Some people call it drive. Others call it madness. Most of us don’t know the difference until we’ve lost something important to both.
On one end of the spectrum, there’s the romanticized version:
the builder who works 16-hour days,
the mountaineer who refuses oxygen,
the parent who sacrifices everything for their child,
the artist who forgets to eat.
These stories get told at dinner tables and on LinkedIn posts with swelling pride.
Look at how far they went. Look at what they gave up.
But then there’s the quieter version. The part we don’t talk about.
The founder who can’t sleep unless she’s checking metrics at midnight.
The climber who misses his daughter’s first birthday because the weather window opened.
The lover who rearranges her entire life around someone who barely notices.
The student who ties their entire self-worth to the next gold star.
They all start with passion. They end, too often, in loneliness, injury, or some deep identity crisis disguised as “a pivot.”
And yet, we glorify the chase. We worship obsession. We feed kids stories of people who wanted it more, sacrificed it all, stayed hungry, stayed foolish—without ever pausing to ask: At what cost?
Obsession has brilliant PR. It looks like discipline. It sounds like clarity. But scratch the surface, and it often smells like avoidance.
The entrepreneur building a world-changing startup might really be trying to outrun the voice in her head that says she’s not enough.
The man sprinting toward the next summit might be chasing a ghost of approval he never got from his father.
The woman clinging to a partner who doesn’t reciprocate might call it loyalty, but it’s fear—dressed up in devotion.
Compare that to those who are purpose-driven, but not possessed. They pause. They rest. They set boundaries not because they’re weak, but because they know they’re not infinite. These people still aim high—but they’re willing to walk away when the thing they love starts demanding more than it gives.
One builds a life around something. The other becomes hollowed out by it.
The problem is, obsession often wins the spotlight. It’s louder. More dramatic. It makes for better stories—until it doesn’t. Until the hero burns out, breaks down, or disappears entirely into the identity they constructed, unable to find their way back.
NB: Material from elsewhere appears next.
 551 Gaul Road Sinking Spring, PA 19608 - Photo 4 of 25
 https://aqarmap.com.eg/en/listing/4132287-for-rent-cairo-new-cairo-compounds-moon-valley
I’ve lived both versions. I’ve poured myself into ideas, people, dreams—so fully that there was nothing left of me when they collapsed. I’ve confused martyrdom for meaning. I’ve mistaken pain for proof that I was doing something worthwhile.
Now, I ask different questions.
Is this love or is it addiction?
Is this discipline or is it fear in disguise?
Am I building something or just running from sitting still?
Because the truth is: obsession is intoxicating. But so is balance, once you stop believing it’s boring.
Somewhere between the summit fever and the slumped resignation of giving up lies a quieter space—a third place. It doesn’t get much applause. But it’s where peace lives. And peace, I’m learning, doesn’t shout. It doesn’t perform. It doesn’t need to be earned through exhaustion.
It just asks to be chosen.
Love the write-up. Did you happen to attain peace?
Thank you.
I think I’m learning that peace isn’t a destination—it’s more like a practice.
Some days I touch it. Other days, I just try to remember it exists.
How do you manage on the other days?
Is it okay to live in discomfort for a prolonged period?
Vasu lovely write up .Agreed with your answer that it’s more like a practice .It’s not a destination.